以前、バンドの音楽を率いる「コンサートマスター」や「リーダー」のお話をしたことがあります。今回はブラスバンドやビッグバンド、音楽のジャンルを超えて存在する、アンサンブルには不可欠な「パートリーダー」についてお話ししたいと思います。パートリーダーの役悪は、精神的な支えはもちろんですが、かなりテクニカルな業務が多くなります。というより、演奏法をまとめ、そのパートの音楽を作る技術監督がパートリーダーだと思います。さてどんなテクニカルな指導をするのでしょうか?
まずは音質の確認です。そのパートの全員の音色を完全に一致させることは不可能ですし、必要もないとは思いますが、メンバーの全員が、自分の音がどのようにそのパートで鳴っているかを知っておく必要があります。ちょっとした工夫で混じり合えないサウンドも、優雅なハーモニーを奏でることが出来ます。それにはまず「音を知る」ことが重要です。パートメンバーで車座になって全員で順番に音を出しましょう。ピアニッシモ、フォルテの各自の音、またパートのハーモニーの音を確認し、パートメンバーでどこを改良、強調すべきかを相談し決定します。それを進行するのがパートリーダーです。そう、パートリーダーはパート練習の進行役であり、まとめ役です。「楽器が一番上手く、後輩に吹き方を教えられる人」をパートリーダーと考えるのはちょっと違うと思います。あくまで、パートのサウンドを作り上げる道筋を作るのがパートリーダーです。
もうひとつのパートリーダーの重要な役目はハーモニーの確認です。各人がコードのどの音を吹いているかを自覚させ、そのピッチ調整の有無を確認します。速いパッセージはともかく、2拍や4拍の延ばしの音はパートでしっかりと和音を作っておくべきでしょう。バンド全体を見るコンサートマスターの負荷がとても軽くなるはずです。それにより、バンド全体の音楽作りに専念出来る訳です。パートでのハーモニー作りには、音程はもちろん、音の止め方、出だしのダイナミックス、息継ぎの場所、細かいニュアンスの決め等も重要です。

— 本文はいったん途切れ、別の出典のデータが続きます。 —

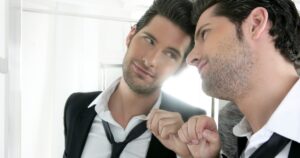 Two men in business attire share a moment in a bright room, one gently tightening the other's loosened tie while they smile at their reflection in a mirror.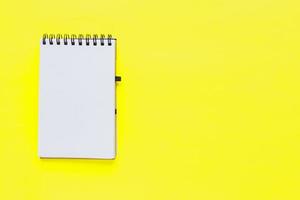 caderno espiral limpo para notas sobre fundo amarelo. mock up de configuração plana de negócios mínimos foto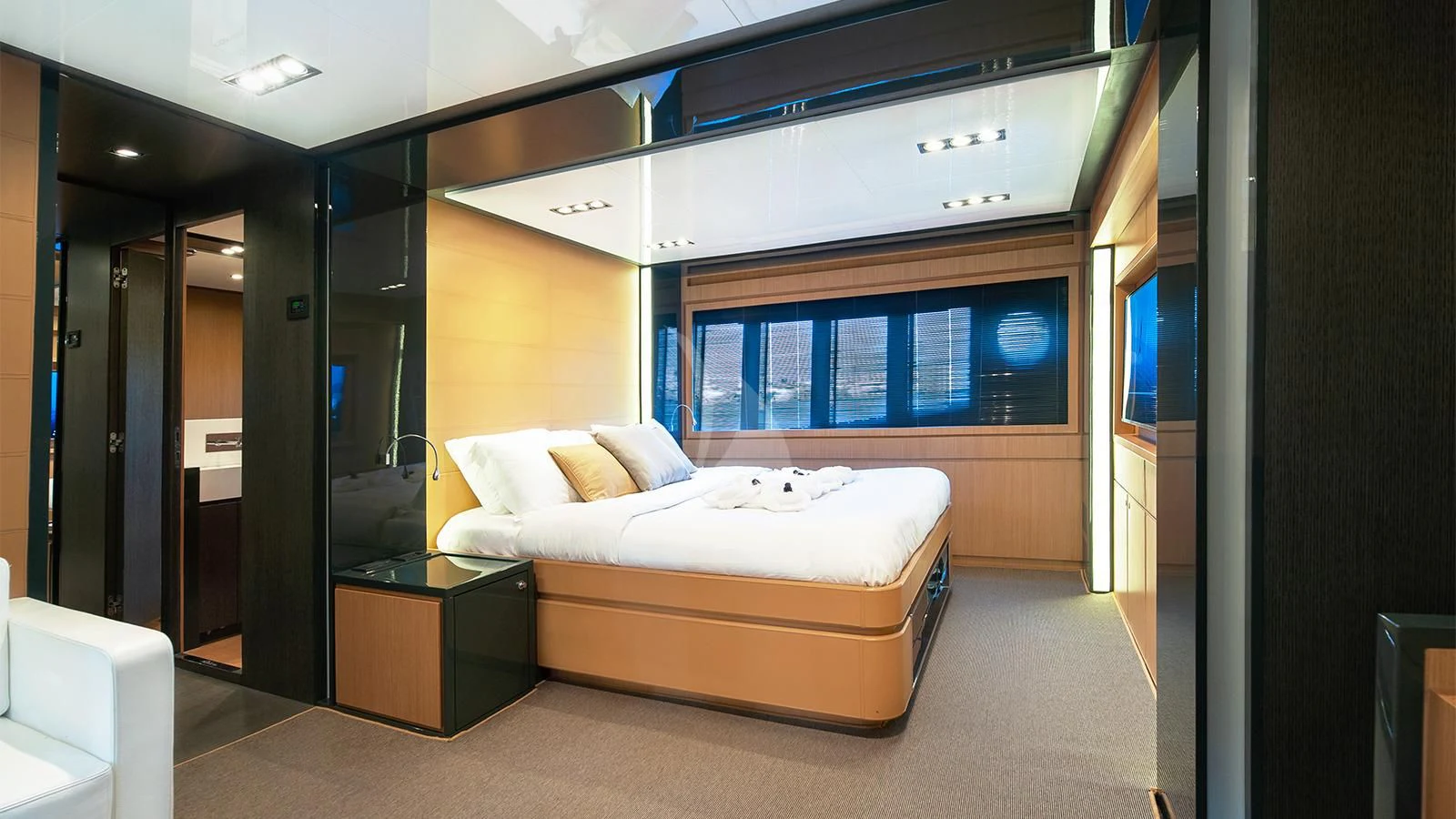 a room with a bed and a desk aboard WHATEVER Yacht for Charter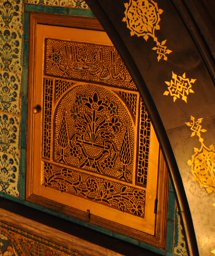 Replica of a stucco and glass window with flowers in a vase and inscription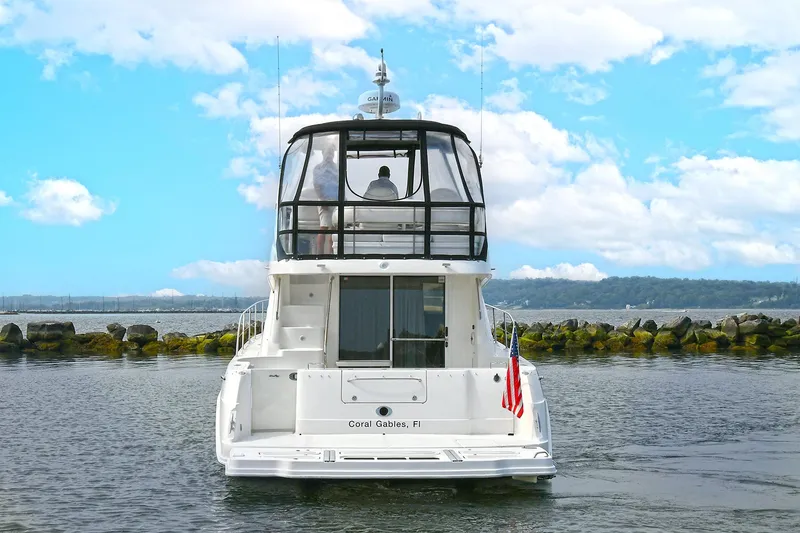 Slide: The Image of 2008 Sea Ray 44 Sedan Bridge on calm water near rocks. - 5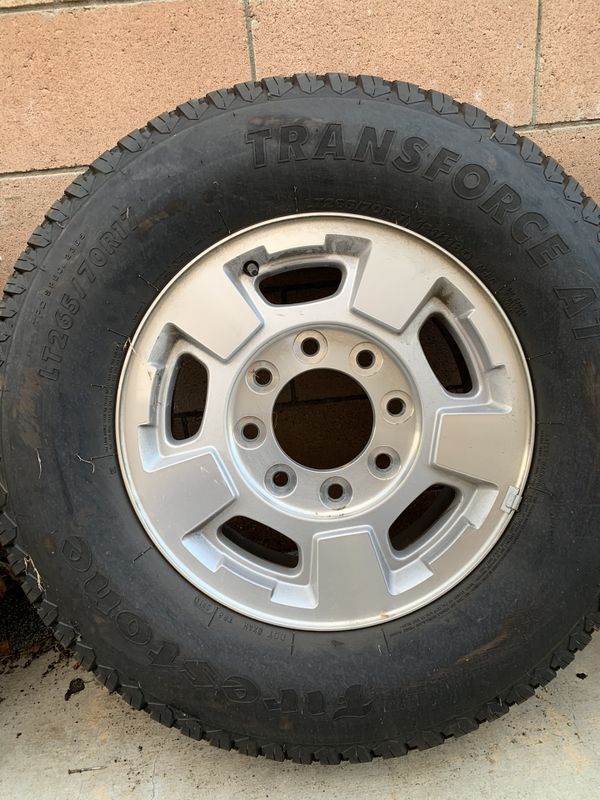 New Wheels and tires. 8 lug wheels from a Chevy Silverado and firestone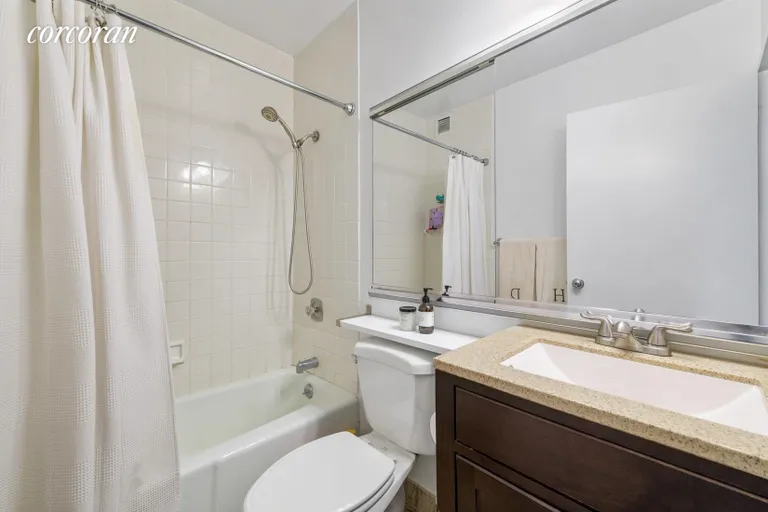 New York City Real Estate | View 347 West 57th Street, 15B | Bathroom with wood vanity  | View 4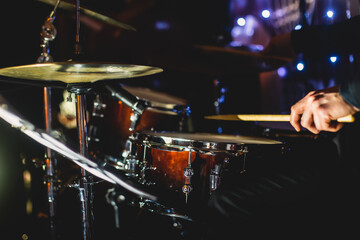 View of drum set kit on a stage during jazz rock show performance, with band performing in the...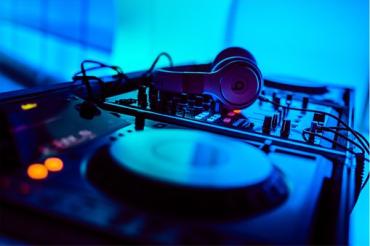 Das Bild zeigt die Schallplatten und Kopfhörer eines DJs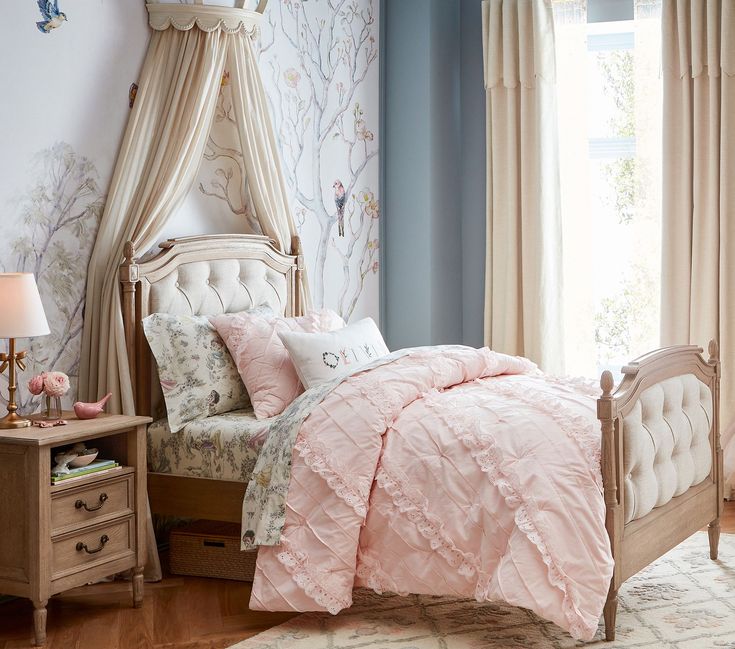 a bed with pink comforter and pillows on top of it next to a window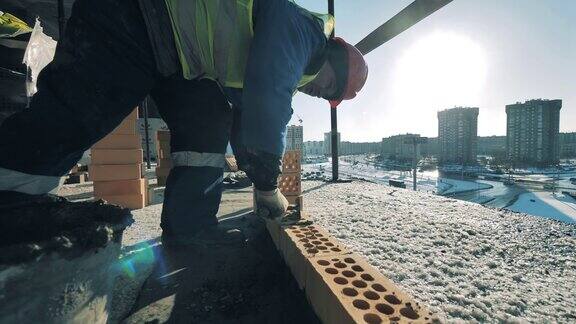 男性建筑工人把砖排成一排建筑工地、建筑行业、建筑工人概念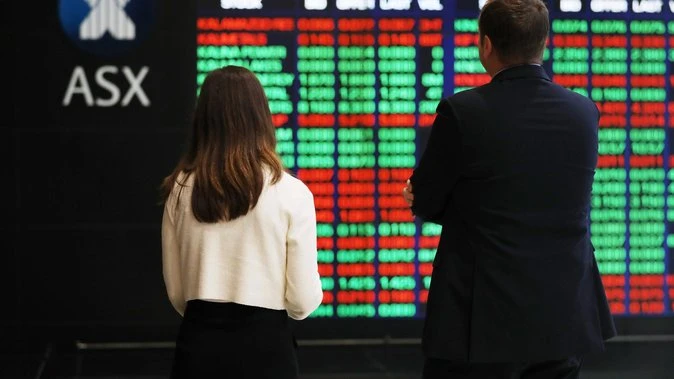 Aussie market dips on US tax jitters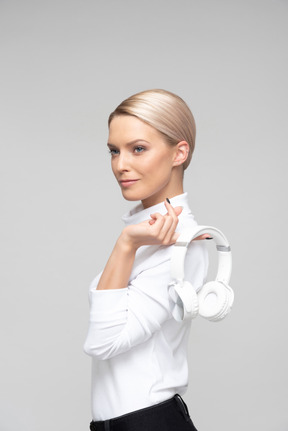 Jovem mulher segurando fones de ouvido na mão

そして何より重要なのは、メンバーがそれを理解し、「自分の考えとして演奏できる」ことです。「言われて出す音」は持続しませんし、何よりメンバーは楽しいでしょうか?そう、パートリーダーはパートメンバーの演奏への自覚とアンサンブルのメンバーとしての役割を考えてもらうのが大事な仕事のひとつです。そのためには、自分の考えをしっかりと持ち、曲の解釈もぶれないものを待つ必要があります。え、そんなスーパーマンは稀ですか?ですよね、だから皆で話し合うのです。パートリーダーは「パートメンバーで話しあう雰囲気」が作れれば、まずは素質ありだと思います。違いますかね?